Exercise: Please transcribe, word for word, only the lines from the one containing "Hannah Gordon Rosa" through the last line of the records below, both included, and leave out every picture.

[Captioned web images]
- Opening Delimiter -
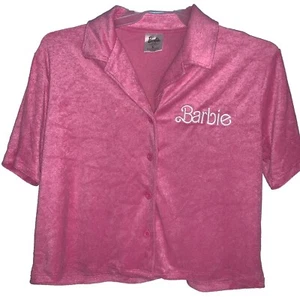 Barbie Pink Terry Cloth Short Button Down Shirt Size Large - Picture 1 of 4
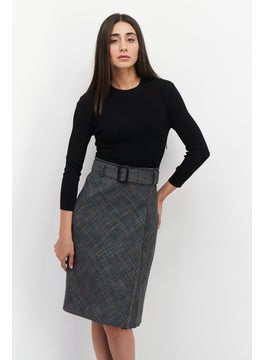 Buy Women Plaid Midi Dress, Black/Grey Combo in UAE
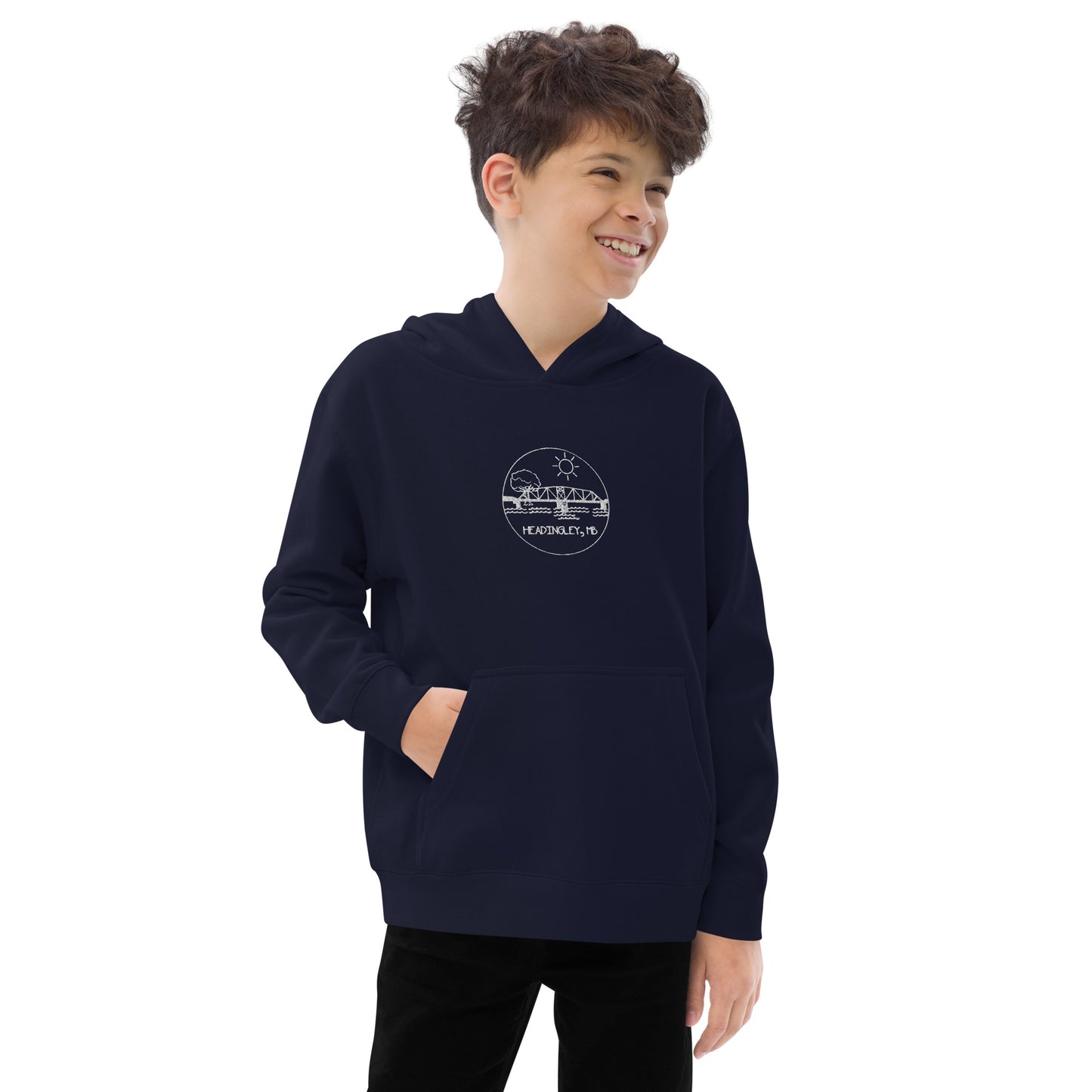 Children's Fleece Hoodie "HEADINGLEY, MB" Embroidered in Classic White on Basic Black or French Navy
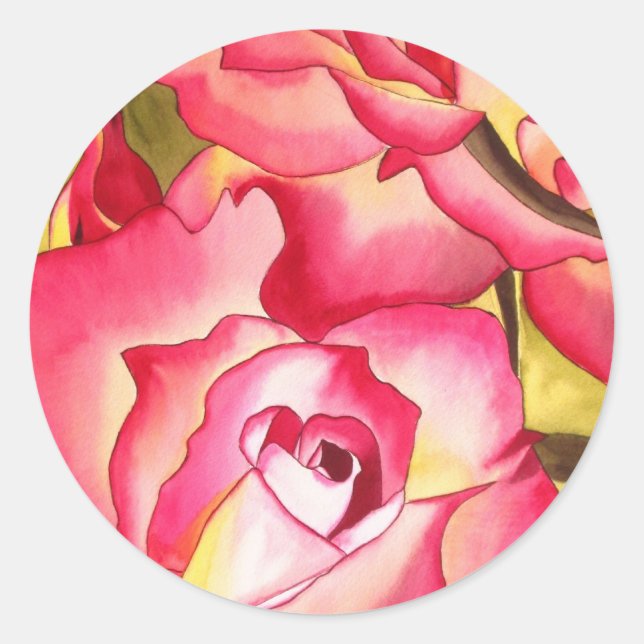 Hannah Gordon Rosa Aquarellkunst Runder Aufkleber (Vorderseite)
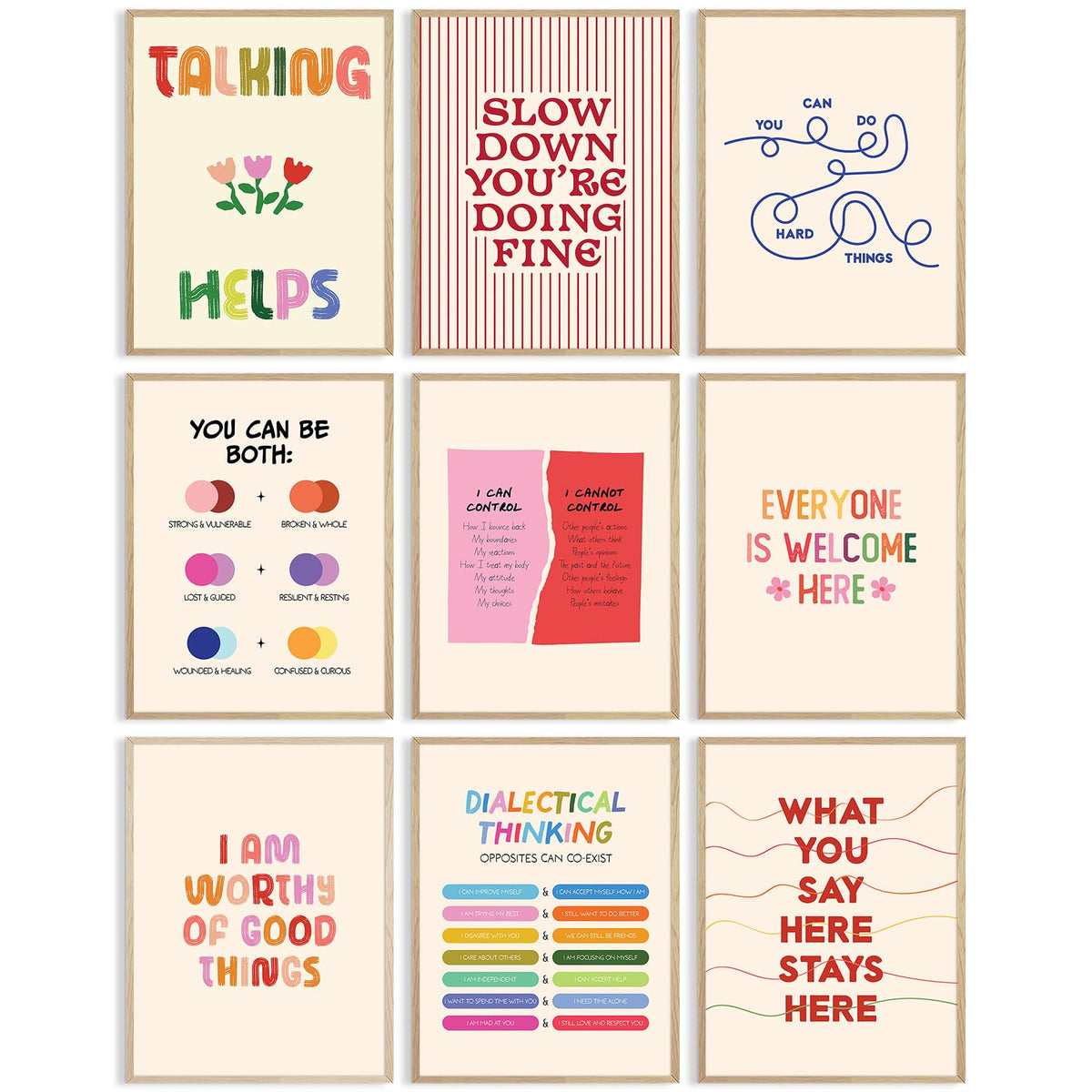 Mental Health Wall Art Child Psychology Canvas Poster Therapy Office Wall Decor Inspirational Prints Motivational Pictures Affirmations Artwork Counselor Painting for Classroom 8x10x9 Inch Unframed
- Closing Delimiter -
Task result:
 Hannah Gordon Rosa Aquarellkunst Runder Aufkleber (Vorderseite)
 Mental Health Wall Art Child Psychology Canvas Poster Therapy Office Wall Decor Inspirational Prints Motivational Pictures Affirmations Artwork Counselor Painting for Classroom 8x10x9 Inch Unframed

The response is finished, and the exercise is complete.